Call for Submissions LiNQ Volume 43 2016
Place, Past, Perspective
Perspective, in the context of time or place, is one of the primary orienting tools of narrative. In life and story, new or different perspectives can reveal hitherto hidden aspects of realty, and differences in perspective lead to misunderstanding or conflict. In literature ranging from the English poet William Blake’s Songs of Innocence and of Experience to the Australian novelist’s Christos Tsiolkas’s The Slap, readers are exposed to the possibilities and problems that emerge from differences of perspective. In the very act of reading and writing, readers and authors alike are forced to confront the points of contact between their own perspective and those of others.

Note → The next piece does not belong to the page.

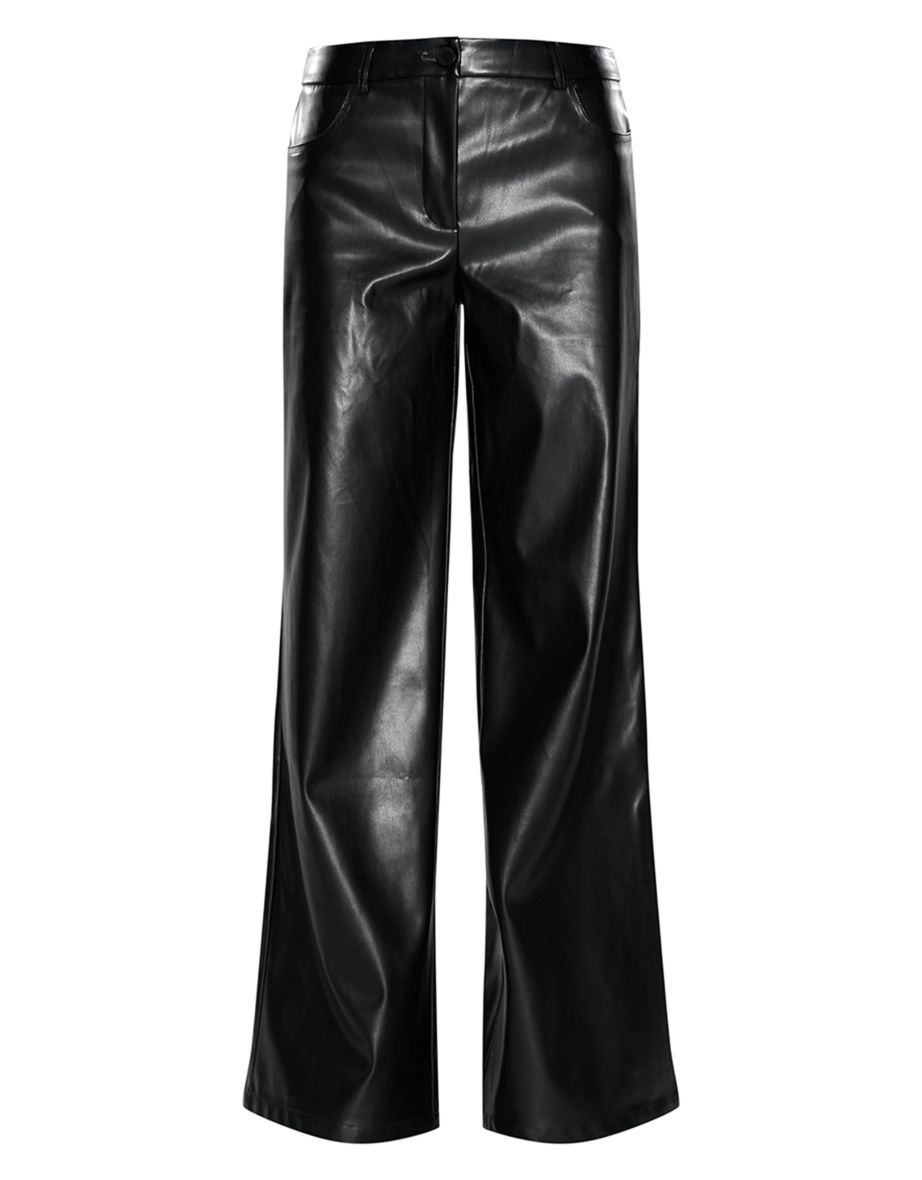 Black Faux Leather Wide Leg Low Rise Trouser - 4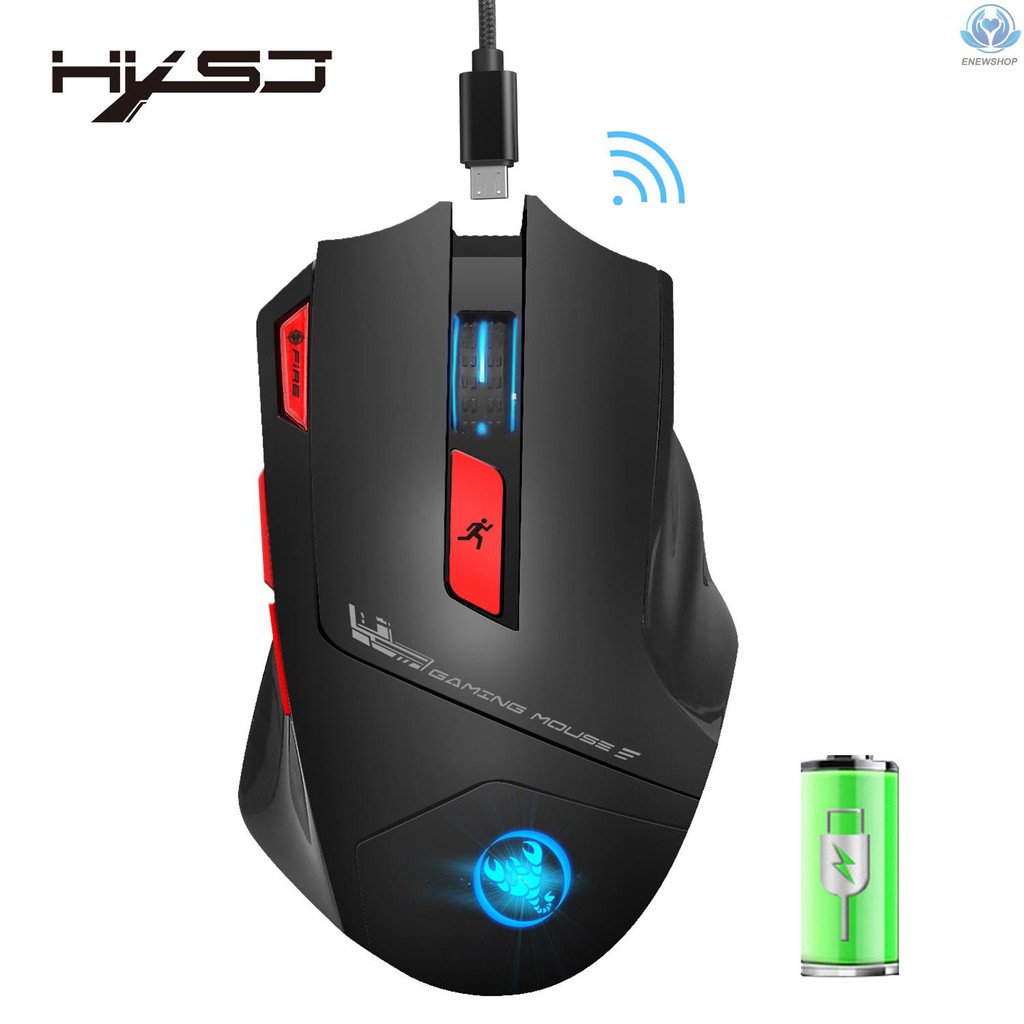 【enew】HXSJ T88 Wireless Gaming Mouse Rechargeable 7 Key Ergonomic Design Macro Programming Adjustable 4800DPI Optical Computer Mouse 2.4Hz Mice for PC Laptop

Gendered approaches to narrative emerging first from feminist studies and then from queer theory were perhaps the first areas of literary study to foreground differences in perspective, shaping embodied experiences of place and history. Since these, a multiplicity of perspectives on place and past have abounded. In colonial, postcolonial, and postmodern contexts, multiple perspectives within a single text can foreground competing spatial or historical understandings. Ecological perspectives can highlight the ways in which idealistic pastoral narratives of place and past sometimes elide anti-pastoral realities of possession, occupation, and exploitation. Posthuman perspectives can foreground other approaches to place and past, at a time when the individual subject seems less relevant than large-scale, networked systems.

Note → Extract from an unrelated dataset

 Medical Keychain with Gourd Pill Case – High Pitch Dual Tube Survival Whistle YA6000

The Place, Past, Perspective Special Issue of LiNQ (Literature in North Queensland), a 45 year old literary journal produced by James Cook University, invites explorations of the role of perspective to spatiality/geography/ place, and/or time/past/history. We call for academic articles that focus on literature and narrative that could address but are not limited to,
- The role of historical fiction in changing perspectives about place and past
- How fiction can bring to light silenced or little-heard narratives and perspectives
- Possible tensions between environmental, human, animal and technological perspectives
- The ways literature can draw attention to, or blur, the boundaries between places, humans, animals and technology
- The impact of technology on understanding a sense of place and history
- Misunderstandings, particularly relating to place or past, that arise from cultural or gendered difference
- The role of depictions of the future in offering perspectives on the present and past
- How memories, documents from the past, narratives, imagination and/or technology can inform place
- How concepts of the cyborg and artificial intelligence offer alternative perspectives
- The function of narrative strategies for representing consciousness, including multiple and/or non-human perspectives
We also call for creative work, including creative nonfiction, fiction and poetry, which responds to these concepts.
Instructions for Authors
Submissions should be no longer than 6000 words. Include a brief abstract of the article (no more than 75 words) and a 50-word biographical note. Book reviews of no longer than 1000 words are also welcome. We particularly welcome submissions from postgraduates and early career researchers.
Follow MLA citation style and format. All contributions should be submitted as a Microsoft Word file, double-spaced 12pt font. All images used must be with permission only.
Suitable papers will be double-blind peer reviewed.
Hard-copy submissions are not accepted and will not be returned. Send e-mail submissions to firstname.lastname@example.org
Academic submissions close September 1 2016 and creative submissions October 30 2016.